QUÉ ESTABLECE LA DEMOCRACIA CRISTIANA
¿Qué es la
democracia cristiana? Es un régimen que establece la alianza de la política con
la moral, la cooperación mutua entre la Iglesia y el Estado, la armonía entre
los diferentes sectores sociales, la coexistencia del bien común y la libre
iniciativa privada, la conciliación de la autoridad estatal con los derechos de
la persona humana, la compatibilidad del patriotismo con la fraternidad
universal, y la síntesis de la justicia social con las libertades políticas.
Boletín del Partido Demócrata
Cristiano, Órgano oficial de la Junta Promotora de la Capital Federal, 31 de
octubre de 1955.
II. LA
COOPERACIÓN MUTUA ENTRE LA IGLESIA Y EL ESTADO
La separación de la política y de la moral
trajo por primera consecuencia, en el siglo XIX, la separación de la Iglesia y
el Estado.
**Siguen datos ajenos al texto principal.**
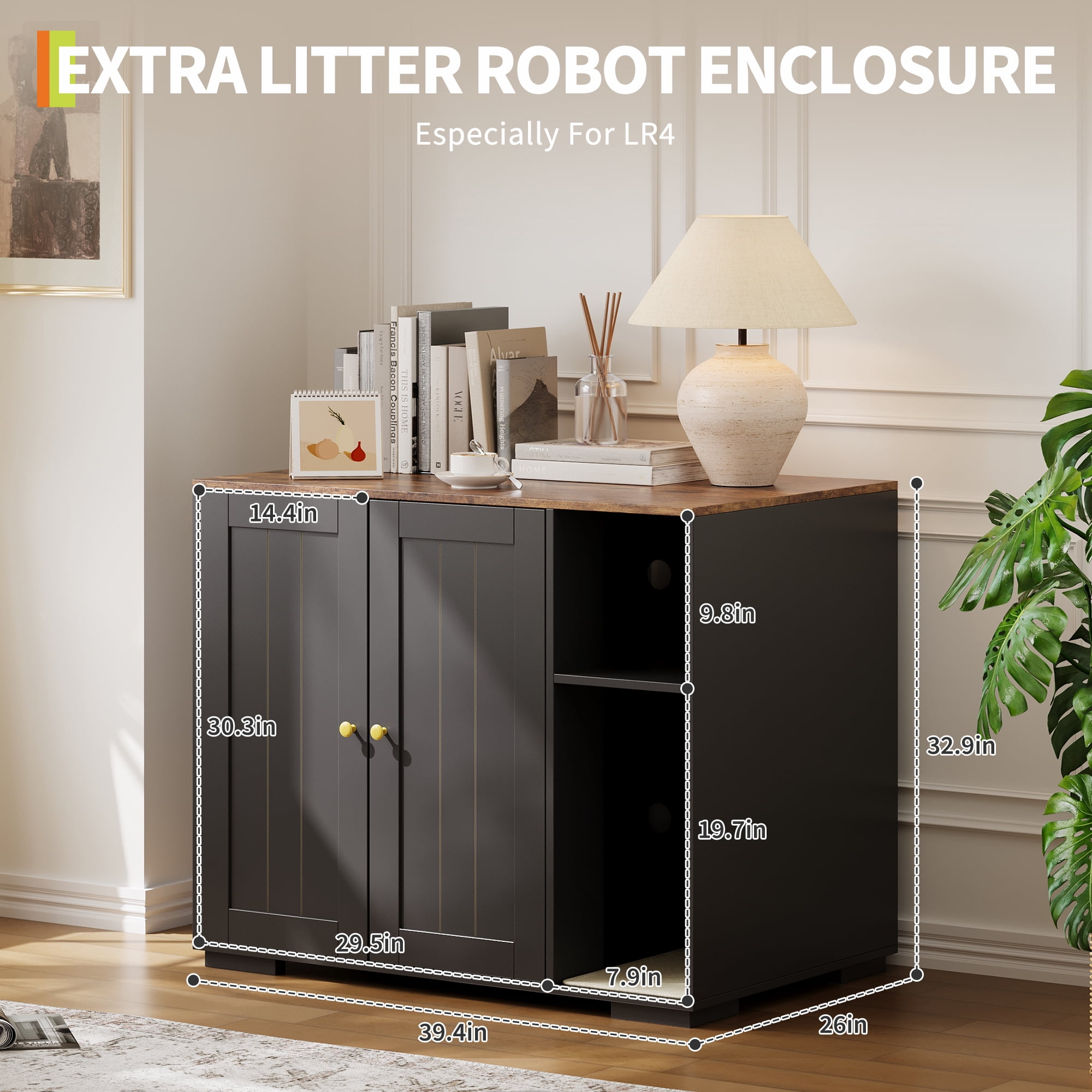 Extra-Large Cat Litter Box Cabinet with Scratch Pad – Dog-Proof Enclosure with Outlet, Large Automatic Litter Box Furniture and Storage for Cat Essentials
Los demócrata-cristianos de la Argentina, al propiciar la estrecha
alianza de la política con la moral, propugnan, igualmente, la unión de la Iglesia
con el Estado. Esa unión siempre ha existido en nuestra patria haciendo su
grandeza, dándole paz y prosperidad, y no trayendo jamás inconvenientes de
ninguna especie a ningún gobierno ni a ningún habitante de la República.
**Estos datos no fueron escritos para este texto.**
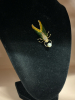 Cicada Brooch Holding Faux Pearl Rhinestones Enamel Approximately 2 x 1 Inch - 2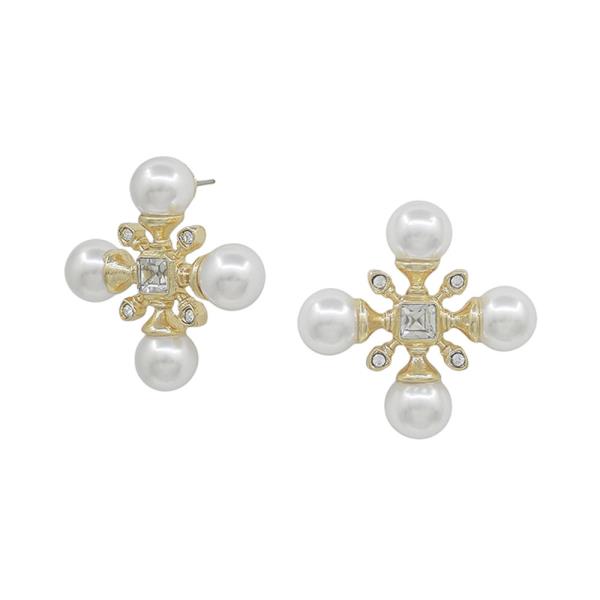 LARGE 4 PEARL CROSS SHAPE POST EARRING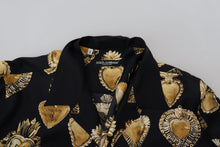 Load image into Gallery viewer, Dolce &amp; Gabbana Elegant Silk Pajama Look Shirt with Gold Hearts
Felizmente, en nuestra tradición histórica
podemos ver unidas las glorias del cristianismo con las glorias patrióticas.
Nunca hubo, entre nosotros, persecuciones del Estado a la Iglesia, ni pretensiones
del clero a manejar la máquina gubernamental. El respeto que en la Argentina se
han profesado mutuamente Estado e Iglesia, sólo ha sido enturbiado por cortos
momentos.
Los demócrata-cristianos dejan aclarado que
esa unión no significa intromisión del clero en la política, ni intromisión de
las autoridades gubernamentales en materia eclesiástica.
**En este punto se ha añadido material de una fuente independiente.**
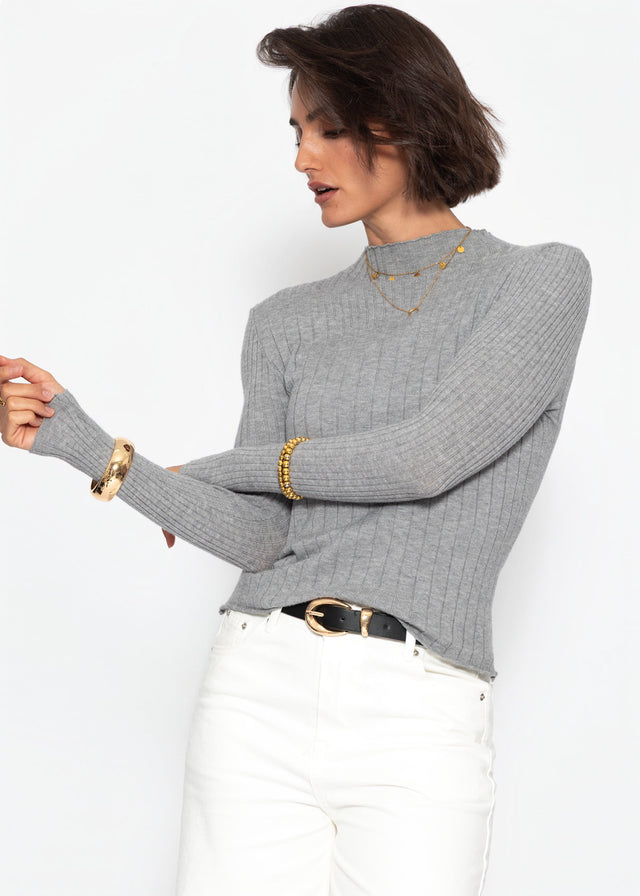 Rippstrickoberteil mit Stehkragen - grau - SASSYCLASSY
Tampoco significa sojuzgamiento del
catolicismo al Estado, ni enfeudamiento del Estado a la Iglesia. Tanto el uno
como la otra son dos sociedades perfectas con sus fines propios que actúan en
diferentes planos. Sin embargo, como el sujeto de su actuación es el mismo, el
ser humano, éste necesita que su obediencia a la autoridad civil no le acarree
una desobediencia a la autoridad espiritual, o viceversa. Por lo tanto, ambas
autoridades deben marchar unidas y de concierto, siendo su ley la mutua inteligencia
y no la guerra, y es patente que las dos potestades —la temporal y la
espiritual— si bien diferentes en oficios y desiguales por su categoría (la una
cuida directamente los intereses humanos y terrenales, la otra los celestiales
y divinos) han de estar acordes en sus actos y prestarse mutuos servicios.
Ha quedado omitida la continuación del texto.